Q&A 13 How do you create a new variable in Python and R?
13.1 Explanation
Creating new variables — also called feature engineering — allows you to extract more insight from your data. A new variable can be based on:
- Arithmetic between columns
- Logical comparisons
- Conditional rules
In this example, we’ll create a new column called petal_ratio
, calculated as:
petal_length / petal_width
This ratio can help distinguish species based on shape.
13.2 Python Code
import pandas as pd
# Load dataset
df = pd.read_csv("data/iris.csv")
# Create a new column
df["petal_ratio"] = df["petal_length"] / df["petal_width"]
# Preview result
print(df[["petal_length", "petal_width", "petal_ratio"]].head())

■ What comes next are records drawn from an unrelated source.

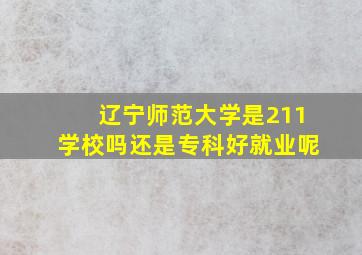 辽宁师范大学是211学校吗还是专科好就业呢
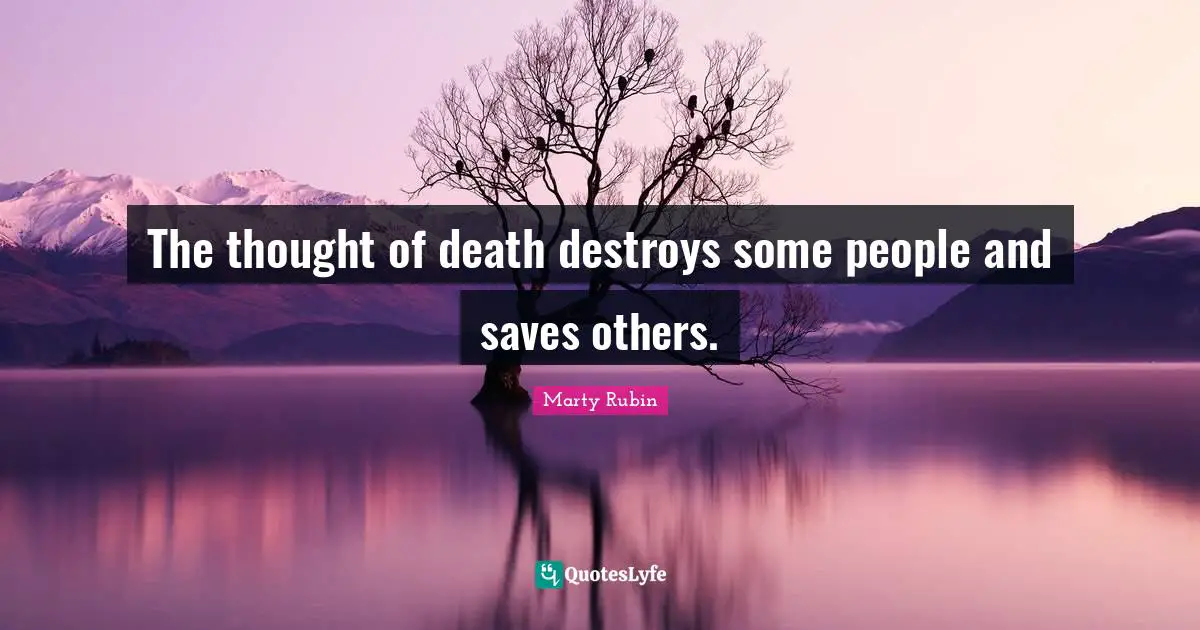 The thought of death destroys some people and saves others.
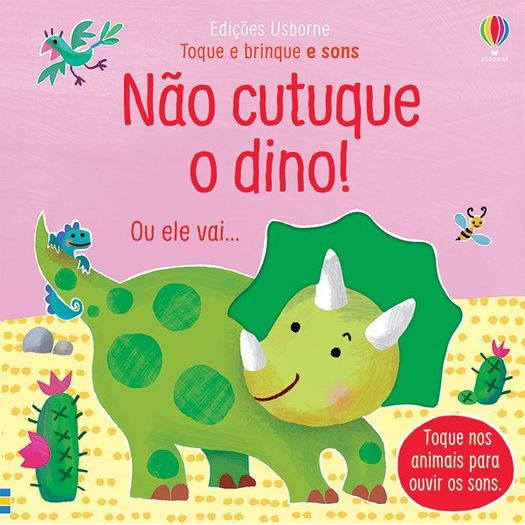 não cutuque o dino - toque e brinque com sons não cutuque o dino - toque e brinque com sons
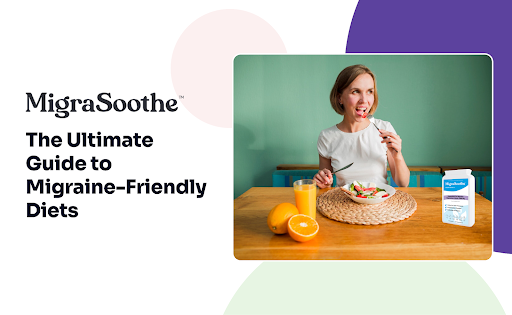 The Ultimate Guide to Migraine-Friendly Diets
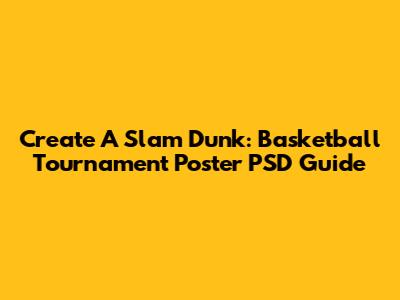 Create A Slam Dunk: Basketball Tournament Poster PSD Guide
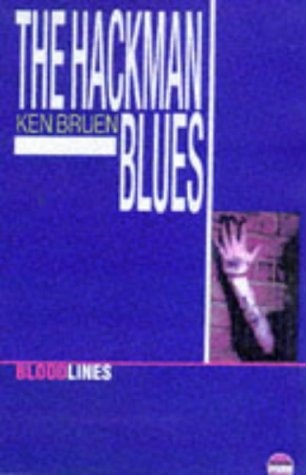 The Hackman Blues (Bloodlines) by Ken Bruen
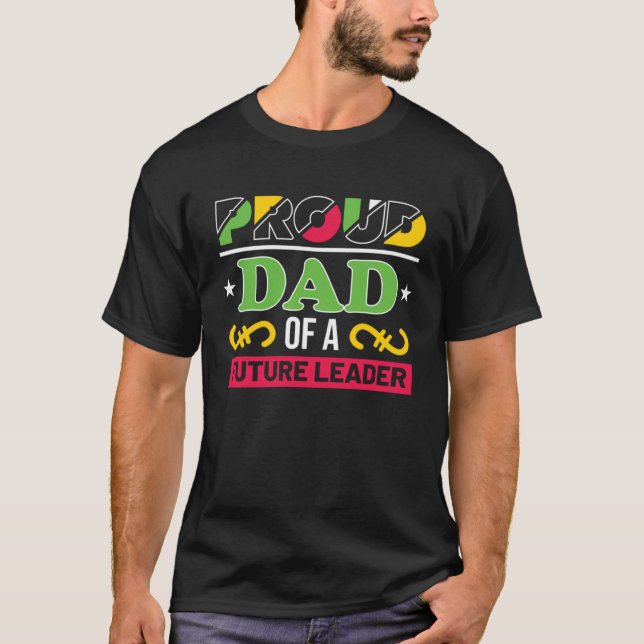Black History Month Proud Dad Of A Future Leader T-Shirt (Vorderseite)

petal_length petal_width petal_ratio
0 1.4 0.2 7.0
1 1.4 0.2 7.0
2 1.3 0.2 6.5
3 1.5 0.2 7.5
4 1.4 0.2 7.0
13.3 R Code
library(readr)
library(dplyr)
# Load dataset
df <- read_csv("data/iris.csv")
# Create a new column
df <- df %>%
mutate(petal_ratio = petal_length / petal_width)
# Preview result
df %>%
select(petal_length, petal_width, petal_ratio) %>%
head()
# A tibble: 6 × 3
petal_length petal_width petal_ratio
<dbl> <dbl> <dbl>
1 1.4 0.2 7
2 1.4 0.2 7
3 1.3 0.2 6.5
4 1.5 0.2 7.5
5 1.4 0.2 7
6 1.7 0.4 4.25
✅ Creating new variables gives you more ways to explore and model your data — it’s a key step in both EDA and machine learning pipelines.